:: Work instructions ::
Find the line with "this 450×320 image." in the entries below, then reproduce it and every line after it down to and including the line with "this 608×342 image.", exactly.

#### Available records

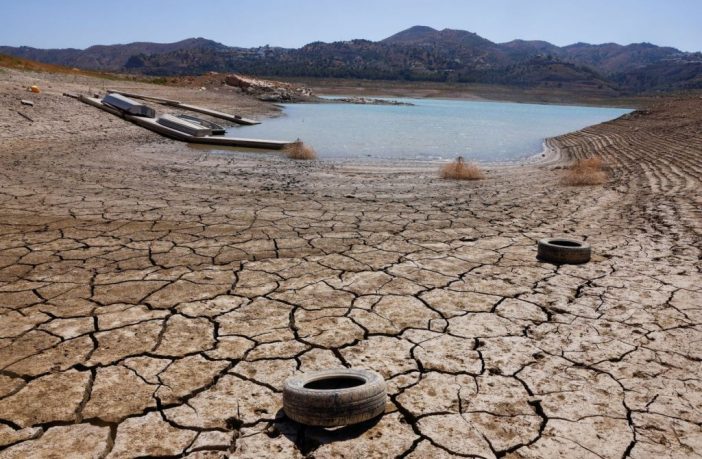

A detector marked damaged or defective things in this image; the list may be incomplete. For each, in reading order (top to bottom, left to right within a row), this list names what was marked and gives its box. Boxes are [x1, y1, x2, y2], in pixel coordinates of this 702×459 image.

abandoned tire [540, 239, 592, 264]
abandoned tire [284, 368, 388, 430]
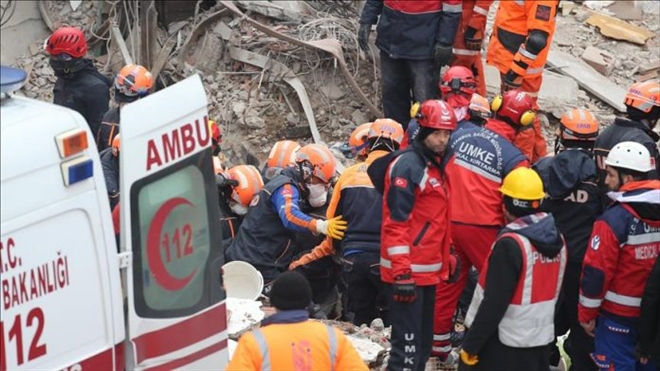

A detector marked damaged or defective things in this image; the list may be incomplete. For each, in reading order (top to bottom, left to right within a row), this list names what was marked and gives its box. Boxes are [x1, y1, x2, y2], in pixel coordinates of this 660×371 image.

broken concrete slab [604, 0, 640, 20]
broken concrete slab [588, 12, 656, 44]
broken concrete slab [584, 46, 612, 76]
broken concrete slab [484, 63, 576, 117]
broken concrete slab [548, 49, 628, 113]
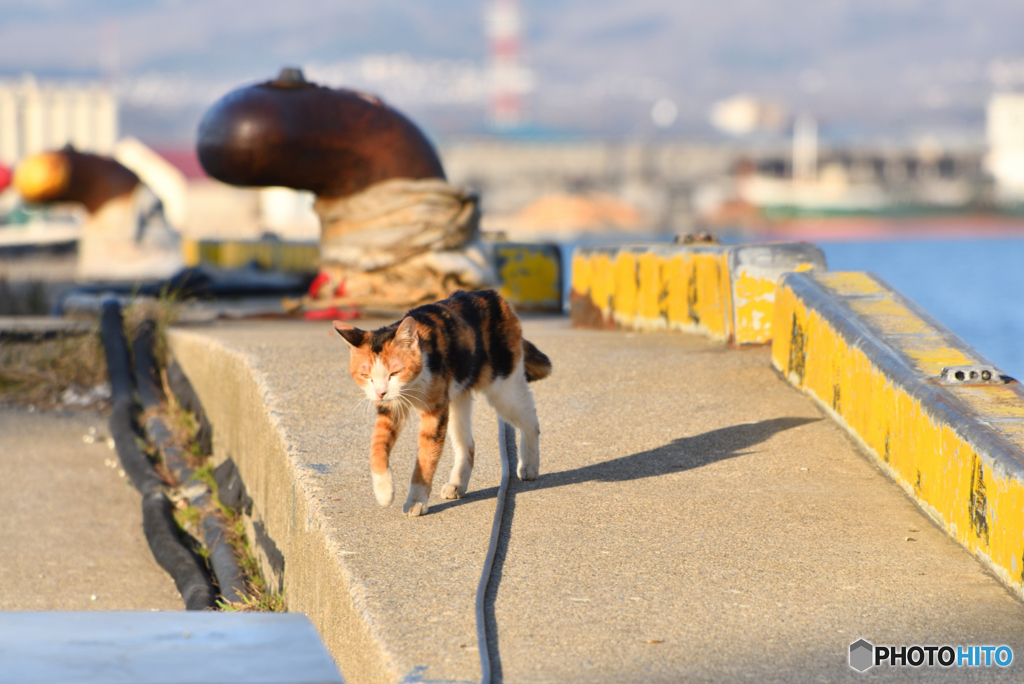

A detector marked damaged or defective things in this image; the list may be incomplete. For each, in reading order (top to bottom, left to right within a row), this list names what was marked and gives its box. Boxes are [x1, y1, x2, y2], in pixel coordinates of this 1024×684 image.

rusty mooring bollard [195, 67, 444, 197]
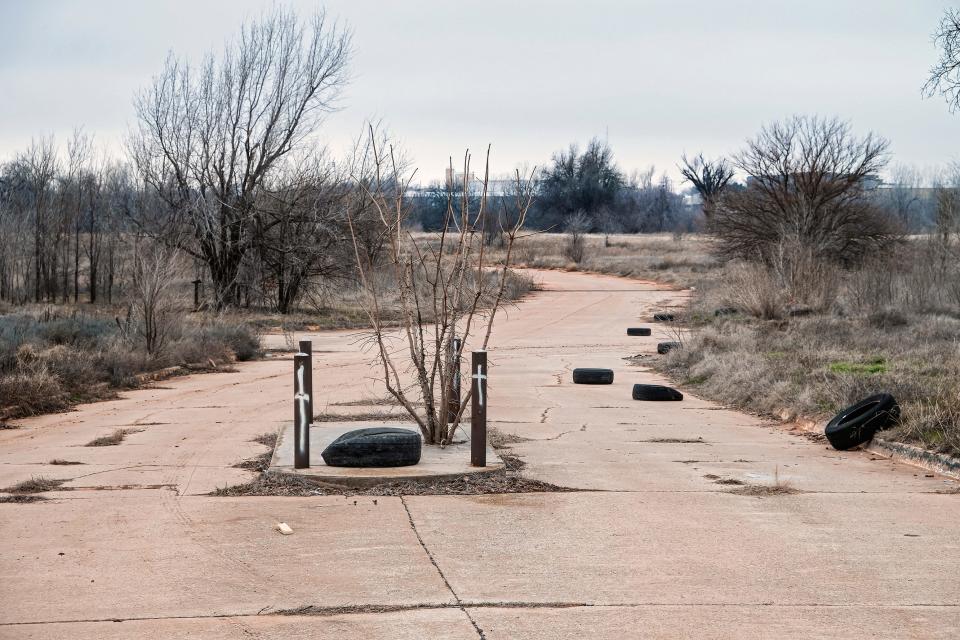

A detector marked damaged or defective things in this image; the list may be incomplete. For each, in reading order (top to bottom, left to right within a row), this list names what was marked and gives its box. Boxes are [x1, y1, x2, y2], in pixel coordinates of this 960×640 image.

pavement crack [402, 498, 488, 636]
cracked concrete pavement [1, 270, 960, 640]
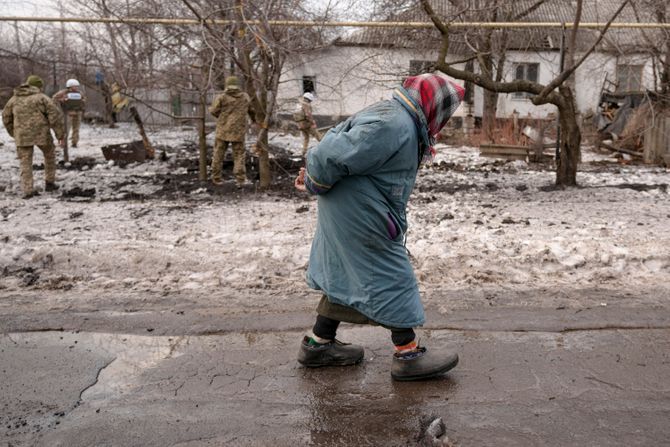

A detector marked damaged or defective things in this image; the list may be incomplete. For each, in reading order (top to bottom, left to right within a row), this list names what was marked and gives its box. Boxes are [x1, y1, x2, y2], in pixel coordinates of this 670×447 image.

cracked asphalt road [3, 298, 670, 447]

########
#### Available records

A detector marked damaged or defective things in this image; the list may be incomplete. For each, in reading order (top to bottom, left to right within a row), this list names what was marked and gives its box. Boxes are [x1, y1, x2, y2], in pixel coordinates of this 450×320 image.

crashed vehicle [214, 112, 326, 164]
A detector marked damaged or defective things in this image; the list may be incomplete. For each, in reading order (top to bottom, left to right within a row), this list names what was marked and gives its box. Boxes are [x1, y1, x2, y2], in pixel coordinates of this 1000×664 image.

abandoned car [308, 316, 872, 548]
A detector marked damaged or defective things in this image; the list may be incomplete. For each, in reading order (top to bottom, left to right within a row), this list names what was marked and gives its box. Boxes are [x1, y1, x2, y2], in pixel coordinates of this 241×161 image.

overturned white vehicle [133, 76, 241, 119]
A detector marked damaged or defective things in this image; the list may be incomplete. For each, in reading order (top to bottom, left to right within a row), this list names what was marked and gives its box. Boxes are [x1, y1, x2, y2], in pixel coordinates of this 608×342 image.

########
#### Available records

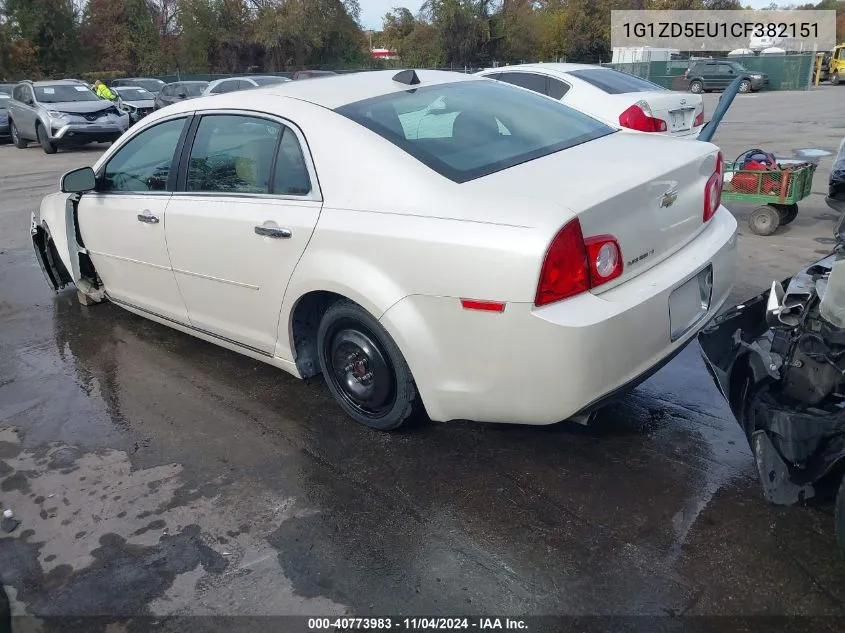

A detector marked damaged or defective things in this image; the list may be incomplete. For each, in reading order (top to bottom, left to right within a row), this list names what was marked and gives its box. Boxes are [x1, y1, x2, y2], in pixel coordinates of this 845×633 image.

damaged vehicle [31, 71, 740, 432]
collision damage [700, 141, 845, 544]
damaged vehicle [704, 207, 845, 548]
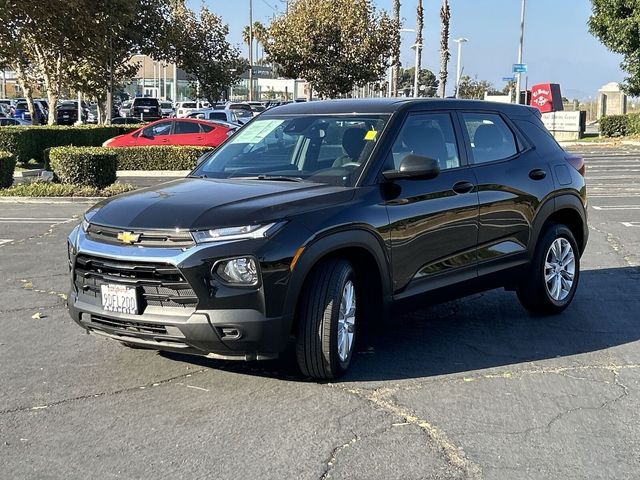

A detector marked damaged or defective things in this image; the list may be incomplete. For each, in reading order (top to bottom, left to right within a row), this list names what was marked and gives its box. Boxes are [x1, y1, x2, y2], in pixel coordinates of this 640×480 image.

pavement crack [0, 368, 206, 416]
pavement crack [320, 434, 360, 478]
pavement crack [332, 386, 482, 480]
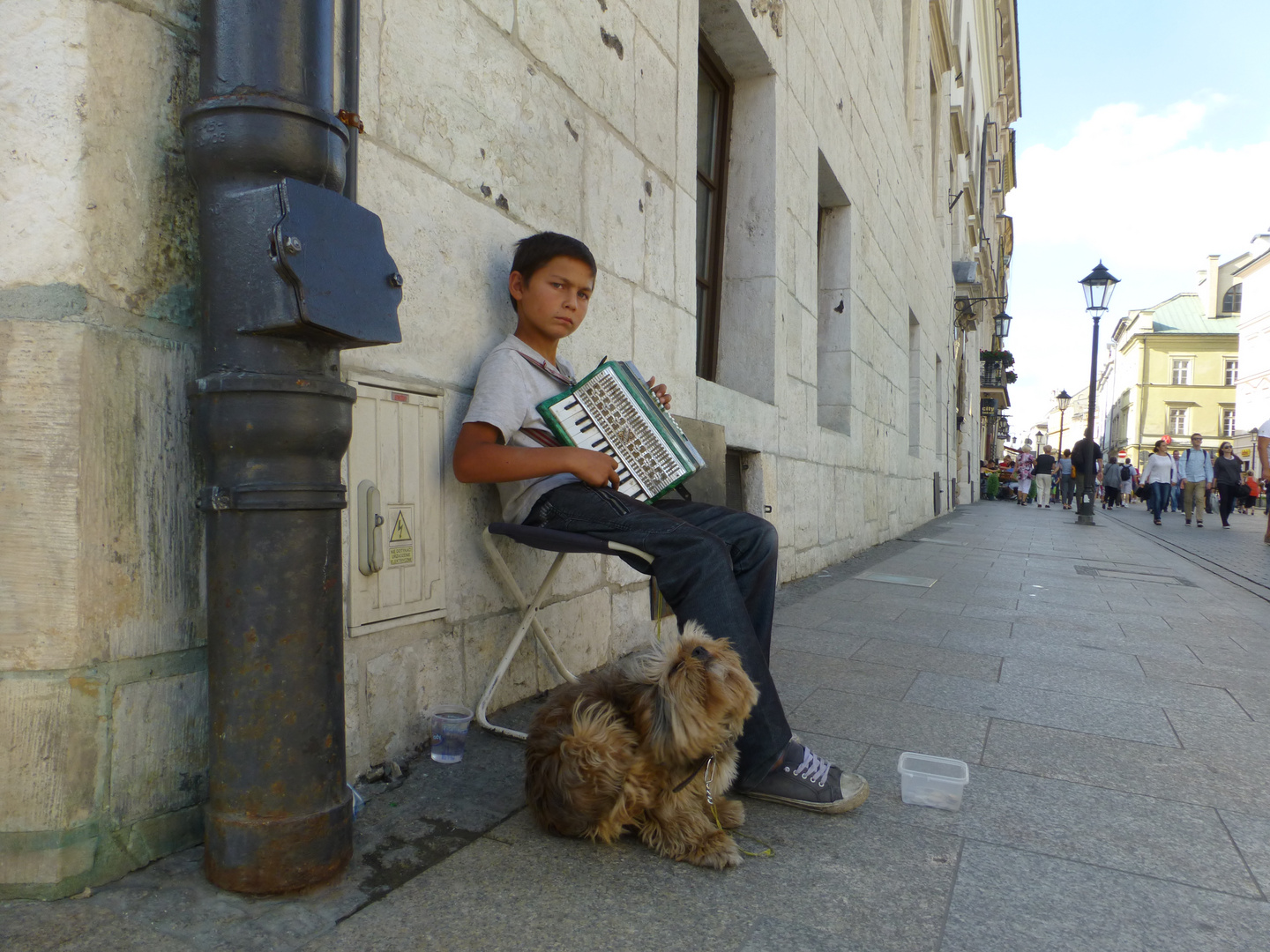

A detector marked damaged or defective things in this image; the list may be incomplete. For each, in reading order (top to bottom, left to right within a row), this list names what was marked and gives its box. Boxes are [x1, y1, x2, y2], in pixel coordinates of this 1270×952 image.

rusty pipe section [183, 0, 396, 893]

########

:: Exercise output ::
A detector marked damaged or defective things in this image; the list may be incomplete. For each, in reading order (top to bottom, left to right within a row), this list names what was marked and gives its box. Boxes are [x1, y1, x2, y2], in pixel coordinates of this 450×320 image.

crashed vehicle [214, 112, 326, 164]
A detector marked damaged or defective things in this image; the list may be incomplete. For each, in reading order (top to bottom, left to right within a row), this list names what was marked and gives its box. Boxes are [x1, y1, x2, y2], in pixel coordinates of this 1000×664 image.

abandoned car [308, 316, 872, 548]
A detector marked damaged or defective things in this image; the list may be incomplete. For each, in reading order (top to bottom, left to right within a row), this list names what was marked and gives its box. Boxes are [x1, y1, x2, y2], in pixel coordinates of this 241×161 image.

overturned white vehicle [133, 76, 241, 119]
A detector marked damaged or defective things in this image; the list may be incomplete. For each, in reading order (top to bottom, left to right within a row), this list names what was marked and gives its box. Boxes are [x1, y1, x2, y2], in pixel coordinates of this 608×342 image.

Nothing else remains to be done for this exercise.